COLLECTED DATA
+++

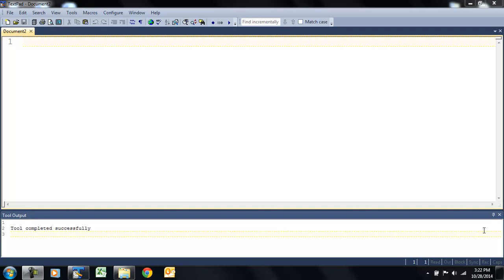Alright guys, today we're going to start using some actual graphics in addition to the labels that we used last class. So, open up a new text pad, or whatever IDE you're using, and let's get started.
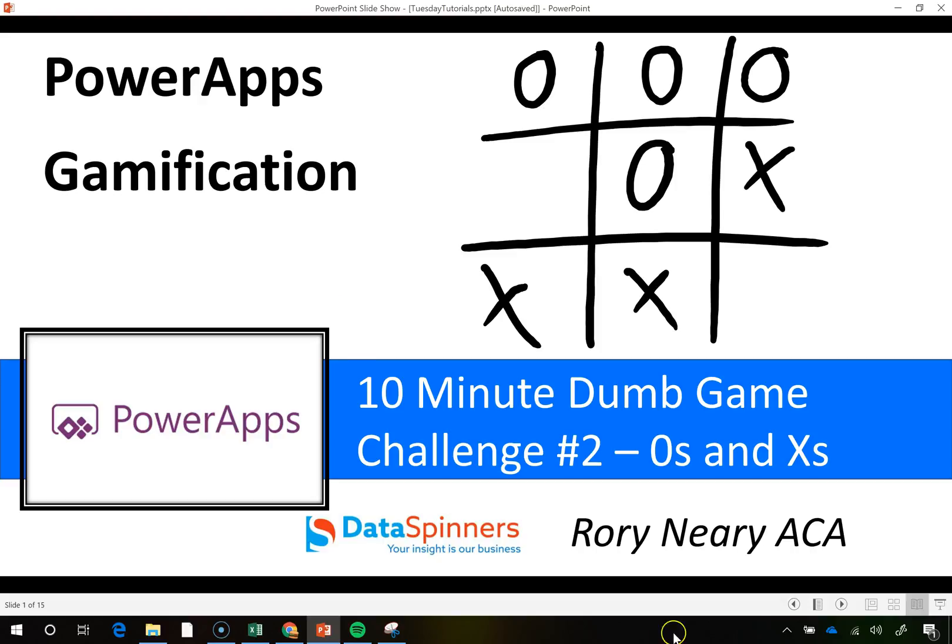Hi there, Rory from Dataspinners here and today I'm going to be going for a 10 minute game challenge. I'm going to try and do the Noughts and Crosses game in 10 minutes.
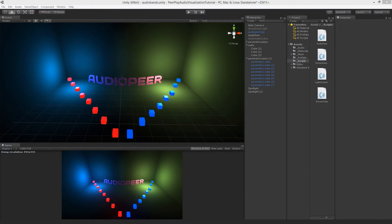Welcome to part 6 of the audio visualization tutorial in Unity by PeerPlay. In the previous part we implemented the buffer to our spectrum values. Now that we have a smooth movement, we want to create values that range from 0 to 1, where 1 would be the highest amplitude of the current audio playing.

+++

No pictures belong in the answer, only the lines from the top of the listing through the line containing "Hi there, Rory", repeated word for word.

PROBLEM SOLUTION
Alright guys, today we're going to start using some actual graphics in addition to the labels that we used last class. So, open up a new text pad, or whatever IDE you're using, and let's get started.
Hi there, Rory from Dataspinners here and today I'm going to be going for a 10 minute game challenge. I'm going to try and do the Noughts and Crosses game in 10 minutes.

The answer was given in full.